-------- Data for the task --------

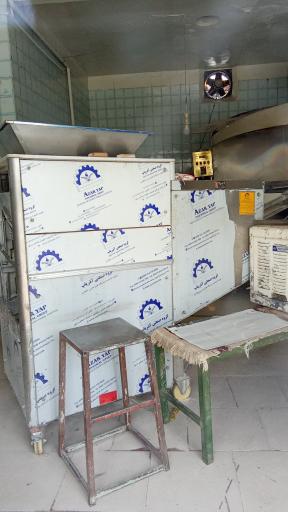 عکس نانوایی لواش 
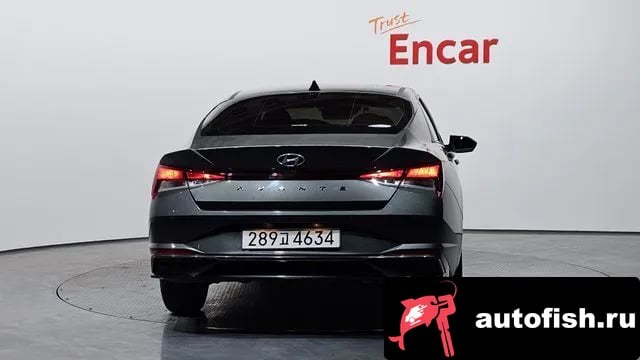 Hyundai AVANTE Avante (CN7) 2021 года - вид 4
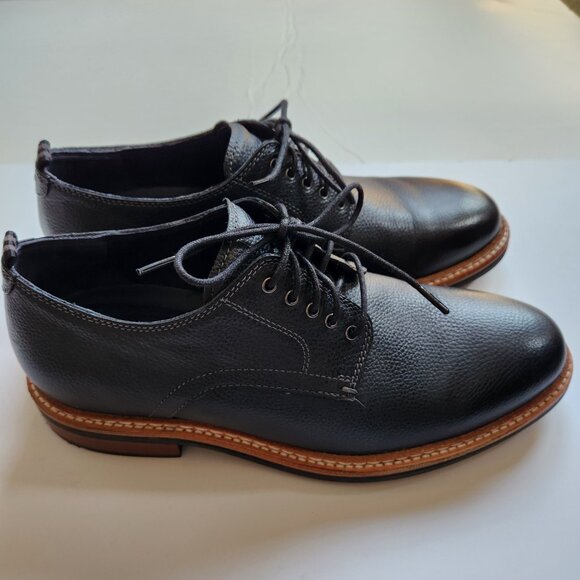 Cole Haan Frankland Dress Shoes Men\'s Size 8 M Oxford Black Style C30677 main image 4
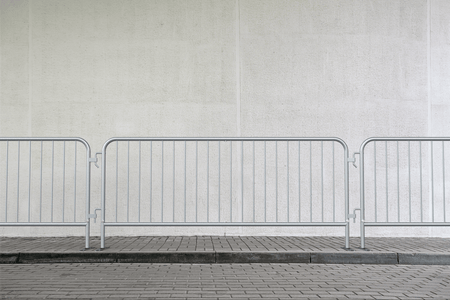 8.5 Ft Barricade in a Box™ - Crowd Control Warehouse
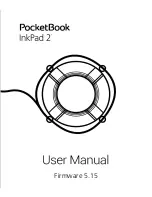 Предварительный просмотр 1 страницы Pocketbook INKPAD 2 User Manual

--------
-------- Data for the task --------

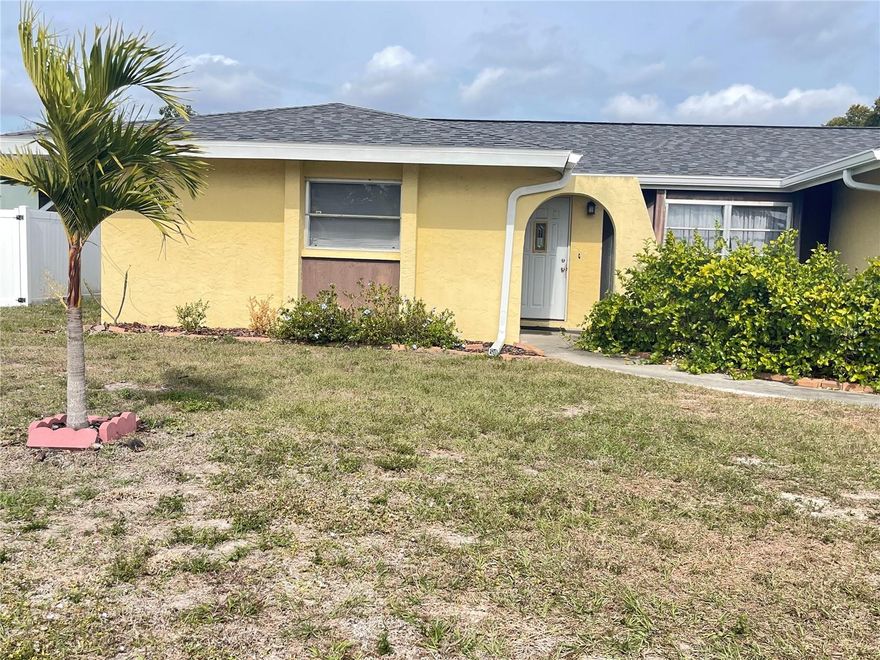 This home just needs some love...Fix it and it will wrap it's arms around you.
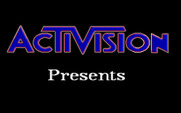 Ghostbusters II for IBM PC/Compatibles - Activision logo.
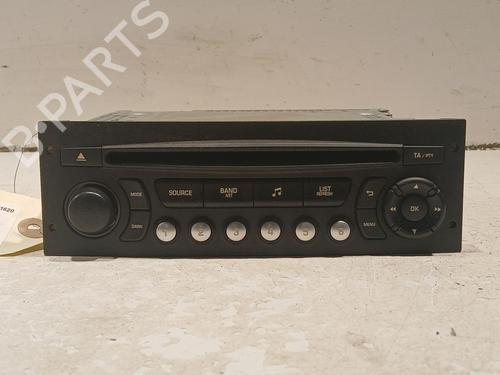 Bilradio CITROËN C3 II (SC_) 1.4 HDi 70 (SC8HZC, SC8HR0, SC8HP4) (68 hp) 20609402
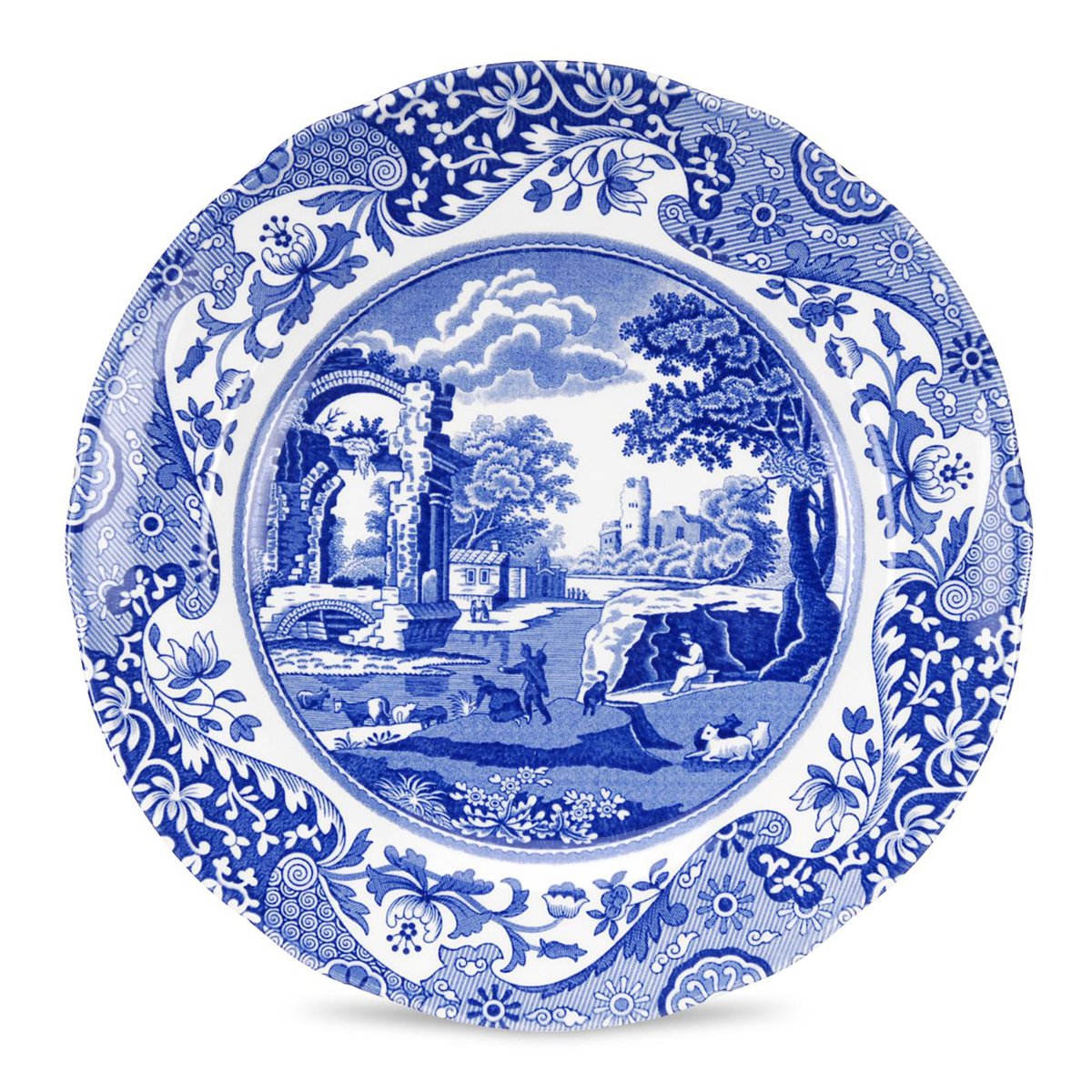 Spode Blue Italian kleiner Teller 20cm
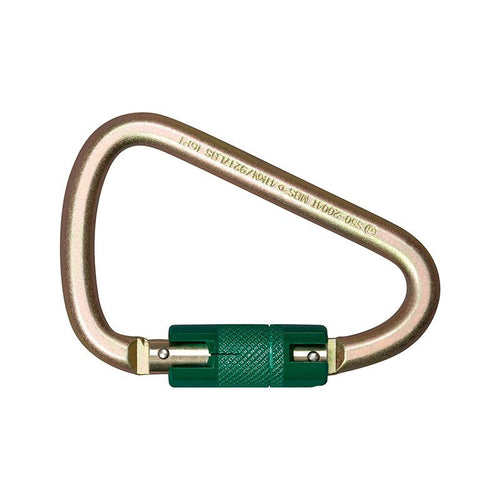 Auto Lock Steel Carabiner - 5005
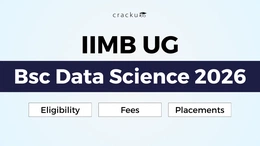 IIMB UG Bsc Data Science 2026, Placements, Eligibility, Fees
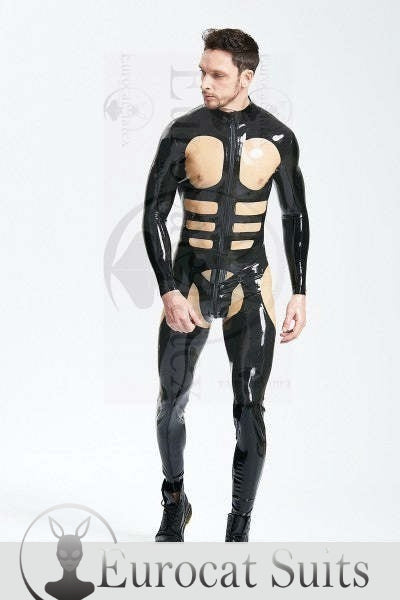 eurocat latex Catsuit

--------

*Task to complete*. Would you transcribe the lines above exactly, going from the line bearing "8.5 Ft Barricade" through the line bearing "Предварительный просмотр 1", and drop the pictures from the copy?

*Task response*.
 8.5 Ft Barricade in a Box™ - Crowd Control Warehouse
 Предварительный просмотр 1 страницы Pocketbook INKPAD 2 User Manual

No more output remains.